4 Time-series analyses

[08] Time for your first time-series regression. Let’s start easy with a static model: Regress the annual birth rate (your birth_rate variable) on the year’s GDP per capita (gdppc) and the inflation rate (inf). Report your results (don’t interpret quite yet).

[09] Now interpret the results from your regression in [08]. What do the coefficients on gdppc and inf suggest about the relationship between GDP per capita, inflation, and the birth rate?

[10] Do the signs of the coefficients on gdppc and inf make sense? Why or why not?

[11] Now add CPI to the static regression in [08]. Report your results (don’t interpret them).

[12] Did including CPI meaningfully change the results from the regression in [08]? Explain your answer—particularly with omitted-variable bias in mind.

[13] What assumptions do we need for OLS to be unbiased in [08] and [12]? Are the assumptions realistic in this setting? Explain your answer specific to this setting.

[14] Why might the disturbance in the model from [08] (or [12]) be autocorrelated? Again, explain with examples specific to this context.

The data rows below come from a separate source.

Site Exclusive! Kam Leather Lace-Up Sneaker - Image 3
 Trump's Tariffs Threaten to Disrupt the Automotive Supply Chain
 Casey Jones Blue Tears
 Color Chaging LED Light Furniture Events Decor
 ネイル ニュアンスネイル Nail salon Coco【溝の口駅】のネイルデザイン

[15] What issues would autocorrelation in the disturbance cause for OLS when estimating the model in [08] (or [12])?

[16] Use the residuals from your estimated model in [08] to test for first-order autocorrelation. Show the steps of your test and report your conclusion.

[17] Suppose you find evidence of autocorrelation in the disturbance from [16]. What should you do to address this issue?

[18] Now let’s estimate a dynamic model with lagged explanatory variables. Specifically, build upon the model from [08] so that your new model now includes contemporaneous inflation and GDP per capita and their lags (you should now have four explanatory variables).

[19] Use the results from your dynamic model in [18] and your static model in [08] to discuss which model you think is more appropriate for this setting.

[20] Now let’s estimate a dynamic model with a lagged outcome variable, i.e., an ADL model. Specifically, estimate an ADL(1,0) based upon the model from [08]. In other words: Regress the given year’s birth rate on contemporaneous GPD per capita and inflation and the lag of birth rate.

[21] Are the estimates for this ADL(1,0) model meaningfully different from the previous models? Explain your answer.

[22] If the disturbance is autocorrelated, what problems would this autocorrelation cause for your OLS-based estimates in [20]?

[23] Test for autocorrelation in the disturbance of the ADL(1,0) model that you estimated in [20]. Discuss the conclusion of your test.

5 Stationarity

[24] Return to the time-series figures in [03] through [07]. Do any of the figures suggest that the variables may be non-stationary? Explain your answer.

Note: You can focus on mean- and variance-stationarity for this question (ignore covariance stationarity).

[25] If you find evidence of non-stationarity in [24], what problems might this cause for your OLS estimates throughout this assignment?